Audiences loved ‘Kick-Ass’ for its originality, glorious acerbic violence and humour, and the way it played to everyone’s fantasies. It seems that its sequel director Jeff Wadlow (Michael Vaughn’s successor) was also a big fan, as he’s given us... almost the same movie.

Unable (or merely unwilling) to make his mark and put his own stamp on the project despite also writing the feature, Wadlow has used Vaugh’s original as a strong template to create this story which, as it happens, is more about Hit Girl than it is Kick-Ass - don’t let the title fool you.

Having given up his Kick-Ass persona, teenager Dave Lizewski (Aaron Taylor-Johnson) is bored being a regular high school senior. Following the death of her father in ‘Kick-Ass’, 15-year-old Mindy Macready (Chloe Grace Moretz) is struggling being a typical high-schooler, and instead chooses to skip school every day in favour of training and perfecting Hit Girl. Meanwhile, on the otherside of town, Chris D’Amico (Christopher Mintz-Plasse) has turned emo and wants to get his revenge on and take down Kick-Ass for the death of his father.


So now we’ve got two superheroes and one supervillain, all constantly at odds with the way the world sees them, verses the way they see themselves. Mindy makes a promise to give up Hit Girl and teams up with the school's "mean girls" to fit in. Dave as Kick-Ass turns to social media to find others like him and comes across a marry band of misfits calling themselves Justice Forever, which includes the likes of Dr Gravity (Donald Faison) and Colonel Stars and Stripes (Jim Carrey). While you'll find the troupe volunteering at soup kitchens, they're also happy to take down a sex trafficking ring here and there - that is, until The Mother Fucker (formerly Red Mist) puts together his own crew and shit gets real.

This story which, as it happens, is more about Hit Girl than it is Kick-Ass.

‘Kick-Ass’ didn’t exactly make serious bank back in 2010, which makes this sequel a surprise. Hollywood's impulsive need to make money could account for the film's toned-down language and violence compared to its predecessor (it’s still there, just toned down a bit to rake in the younger ticket-buying crowd), and therefore, it’s lost its edge.

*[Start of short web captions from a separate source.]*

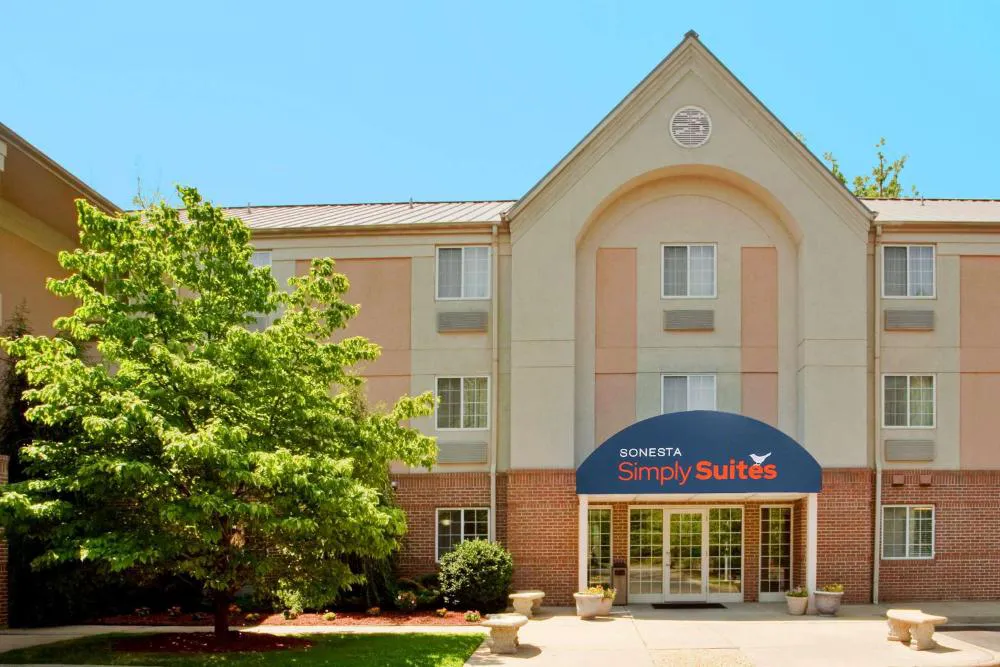 Sonesta Simply Suites Hampton hotel hero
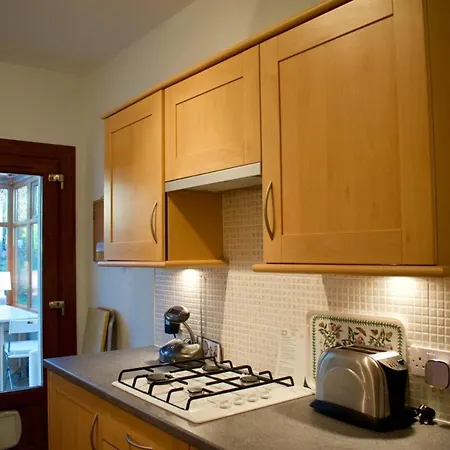 Cosy With Views Of Arthur's Seat Tatil Evi Edinburgh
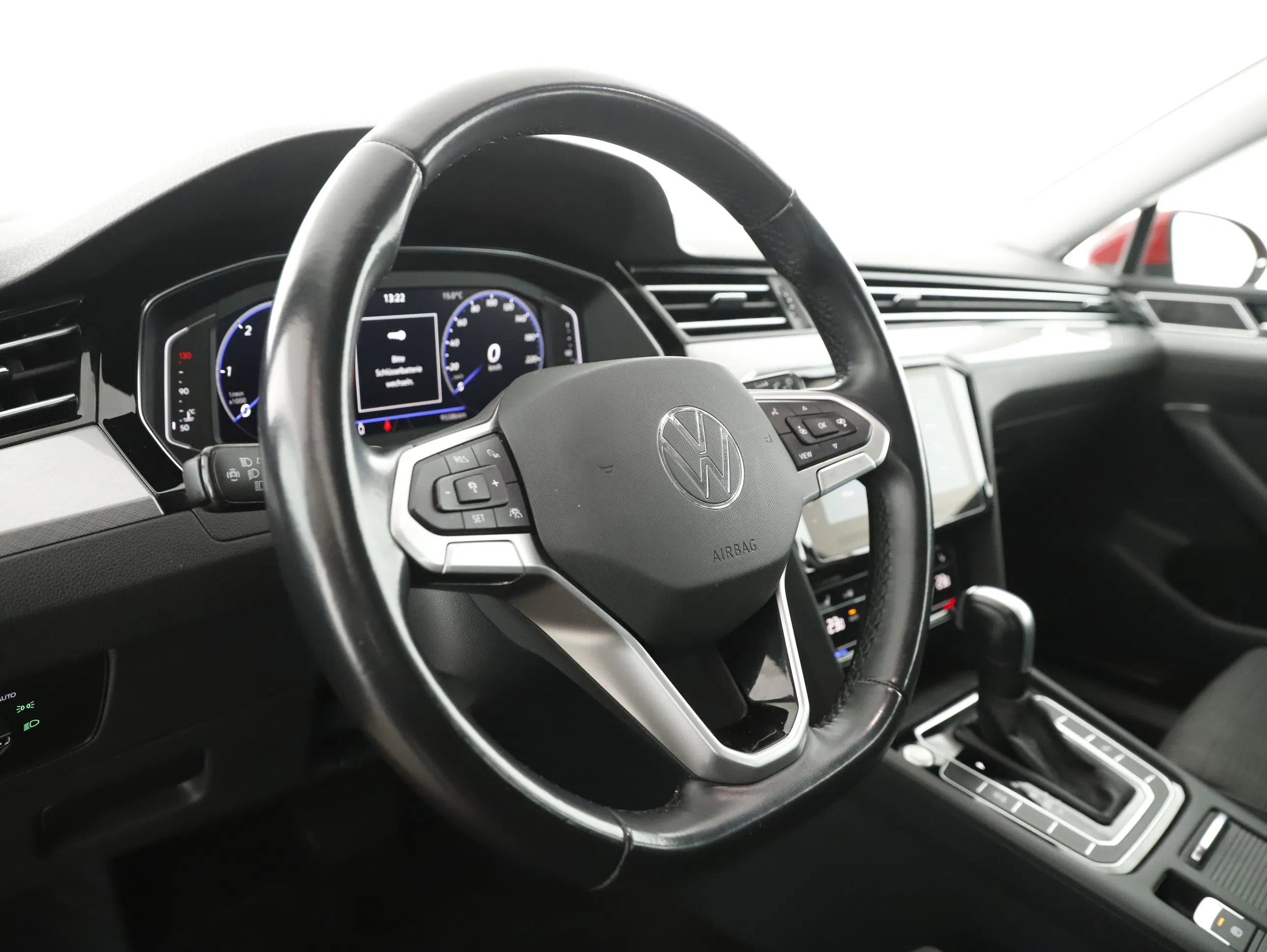 VW Passat Variant 2.0 TDI BMT Business | Bild 16 von 29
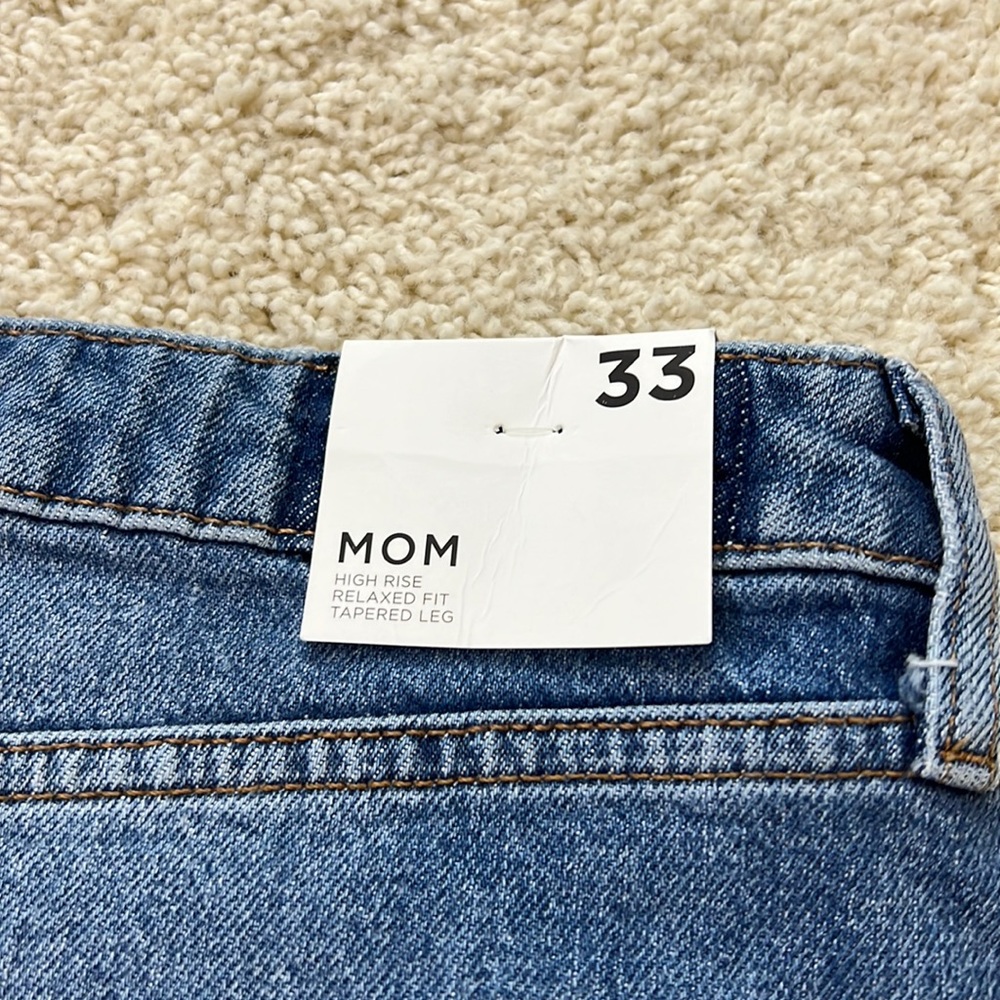 NWT FOREVER21 High-Rise Relaxed Fit Jean - Picture 10 of 16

Three years ago, ‘Kick-Ass’ was new, exciting and had great shock value; take all that away and you get... ‘Kick-Ass 2'. And despite the emotional heat-strings attempted to be pulled here with themes of belonging and the value of family, they’re flimsy with a care-factor of zero.

‘Kick-Ass 2’ is action-driven with all of your favourites back for another round, so it's entertaining - but not the kind of fun that makes fans happy and newcomers drool.